What is required:
Give again, word for word, each line of the data from the first through the one containing "Obviously I don't". Pictures stay out.

Source records:
++++++
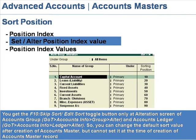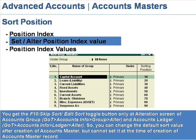Set or alter position index value. You get the F10, skip short, edit short toggle button only at the alterations screen of account groups — that is, gateway of Tally, accounts info, group alter and accounts ledger. So you can change the default short value after creation of an account master, but cannot set it at the time of creation of the account master record.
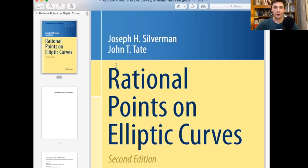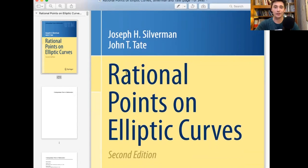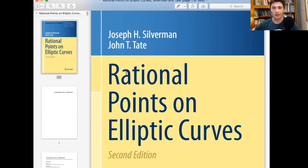The next book I want to talk about was also written by Silverman, with John Tate: Rational Points on Elliptic Curves, in Springer's undergraduate texts in mathematics series. This is a fantastic book, and in all honesty, it's probably the book I wish someone had recommended to me when I was first curious about the subject. I believe it is the most popular book for undergraduate courses in elliptic curves, and that makes sense because it's probably the best introduction given the interests and background of most undergraduates in number theory and algebra.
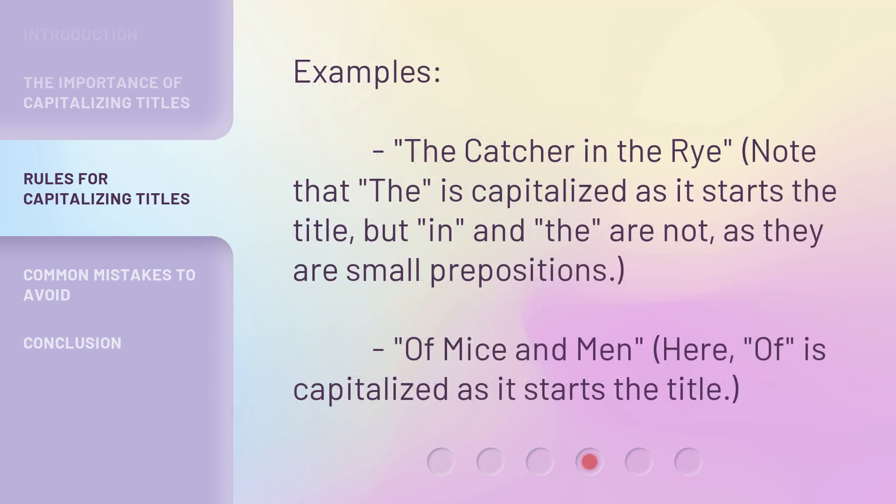Examples: "The Catcher in the Rye" — note that "The" is capitalized as it starts the title, but "in" and "the" are not, as they are small prepositions. "Of Mice and Men" — here, "Of" is capitalized as it starts the title.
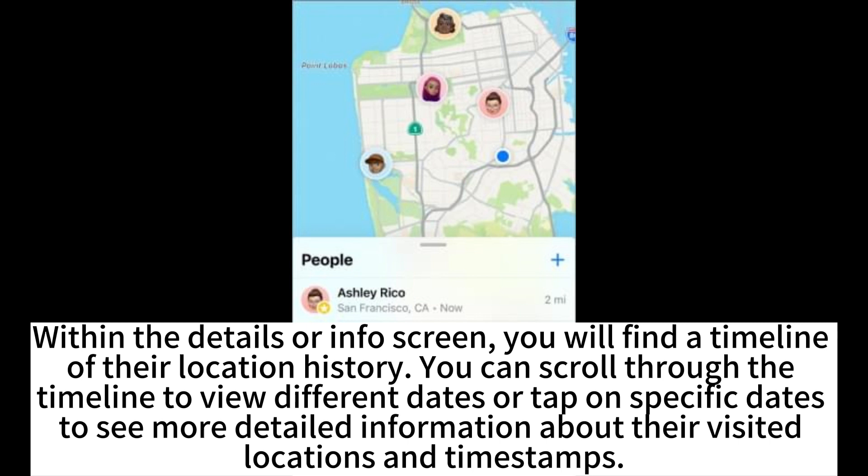Within the Details or Info screen, you will find a timeline of their location history. You can scroll through the timeline to view different dates or tap on specific dates to see more detailed information about their visited locations and timestamps.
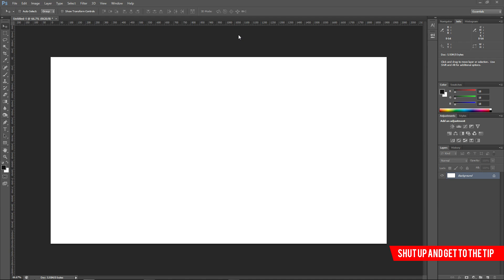Obviously I don't have like a thousand tips - there's so many ways to go about using Photoshop. These are my ways that I've come upon just by using it for ten years.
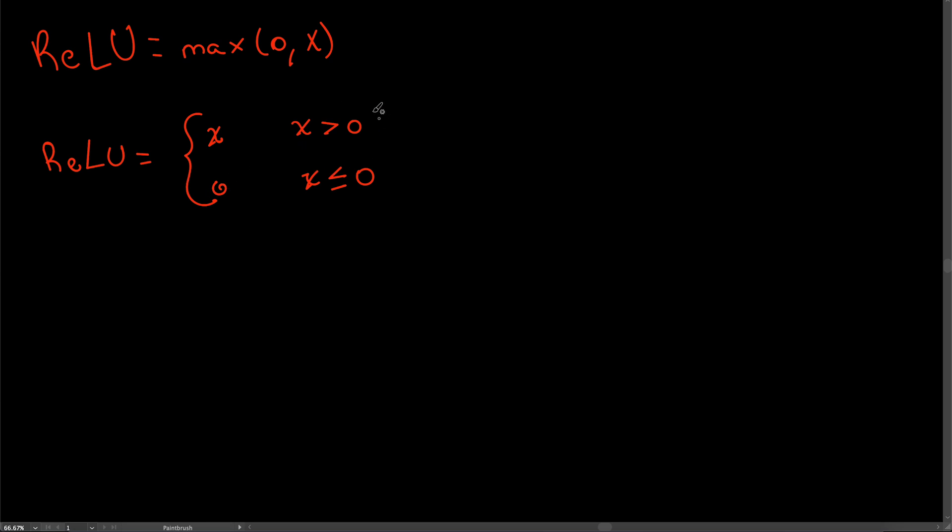Great, so this defines the ReLU function for all possible values of x. The output is zero only if x is less than or equal to zero, and the output is x if x is greater than zero. In order to derive this function, all we have to do is derive the individual cases.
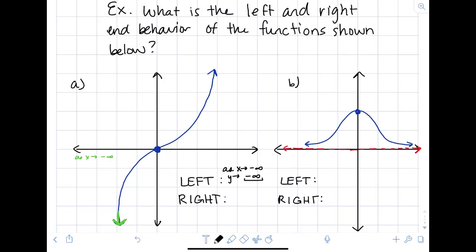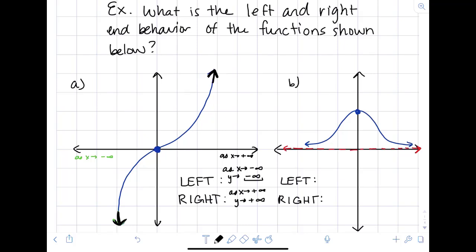Now let's look at the right. As x goes to positive infinity, looking to the right, it looks like it's climbing up without bounds — so positive infinity. With this notation, we're getting you ready for calculus, where we use these arrows. The arrow simply means 'going towards.'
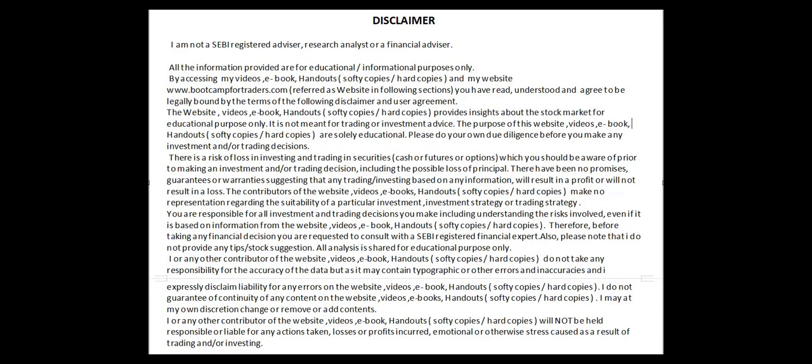Please pause this video and read the disclaimer carefully before going ahead. Thank you.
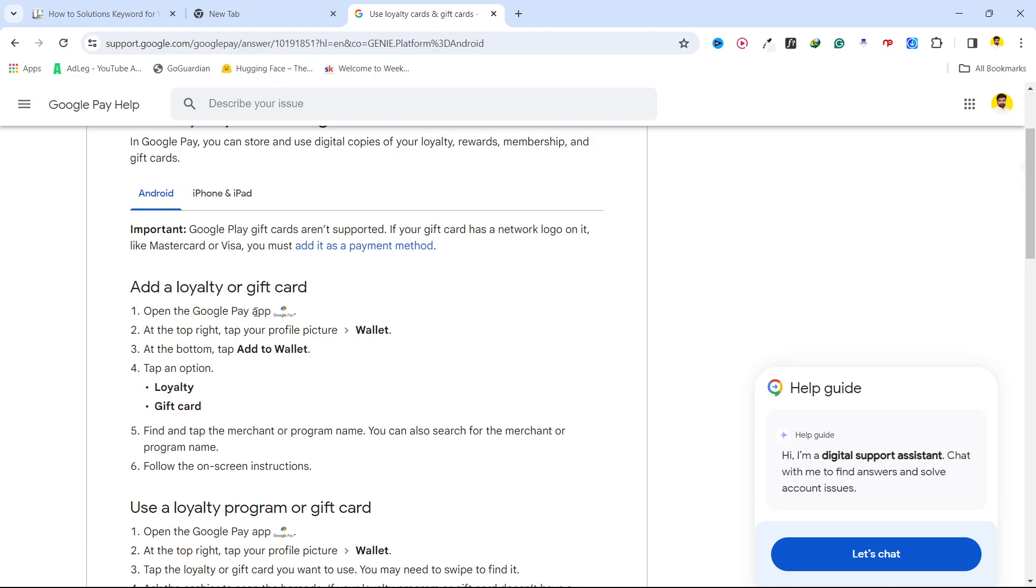First, you need to open the Google Pay app and then at the top right, tap your profile picture that is wallet and at the bottom tap add to wallet.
++++++
Answer:
Set or alter position index value. You get the F10, skip short, edit short toggle button only at the alterations screen of account groups — that is, gateway of Tally, accounts info, group alter and accounts ledger. So you can change the default short value after creation of an account master, but cannot set it at the time of creation of the account master record.
The next book I want to talk about was also written by Silverman, with John Tate: Rational Points on Elliptic Curves, in Springer's undergraduate texts in mathematics series. This is a fantastic book, and in all honesty, it's probably the book I wish someone had recommended to me when I was first curious about the subject. I believe it is the most popular book for undergraduate courses in elliptic curves, and that makes sense because it's probably the best introduction given the interests and background of most undergraduates in number theory and algebra.
Examples: "The Catcher in the Rye" — note that "The" is capitalized as it starts the title, but "in" and "the" are not, as they are small prepositions. "Of Mice and Men" — here, "Of" is capitalized as it starts the title.
Within the Details or Info screen, you will find a timeline of their location history. You can scroll through the timeline to view different dates or tap on specific dates to see more detailed information about their visited locations and timestamps.
Obviously I don't have like a thousand tips - there's so many ways to go about using Photoshop. These are my ways that I've come upon just by using it for ten years.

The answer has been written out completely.